* _Problem to solve_: Give again, word for word, every line below from the one that has "latina shemale onlyfans exclusive img" through the one that has "BMW i VISION", both included, and no others.

* _Data to examine_:
[Start of Attachment]
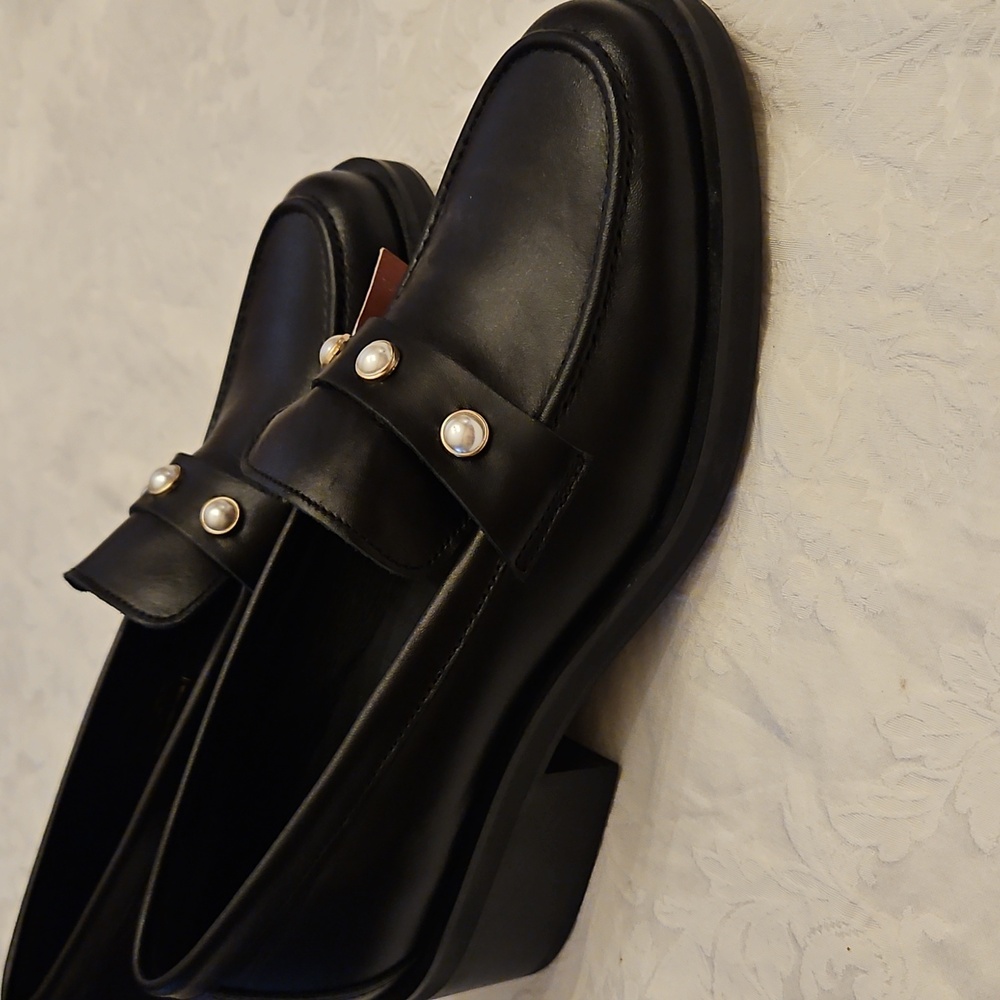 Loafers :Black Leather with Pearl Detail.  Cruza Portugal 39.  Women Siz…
[End of Attachment]
[Start of Attachment]
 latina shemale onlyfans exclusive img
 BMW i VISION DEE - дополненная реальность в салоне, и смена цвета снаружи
[End of Attachment]
[Start of Attachment]
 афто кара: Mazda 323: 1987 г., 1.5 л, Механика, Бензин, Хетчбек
[End of Attachment]
* _Exercise solution_:
 latina shemale onlyfans exclusive img
 BMW i VISION DEE - дополненная реальность в салоне, и смена цвета снаружи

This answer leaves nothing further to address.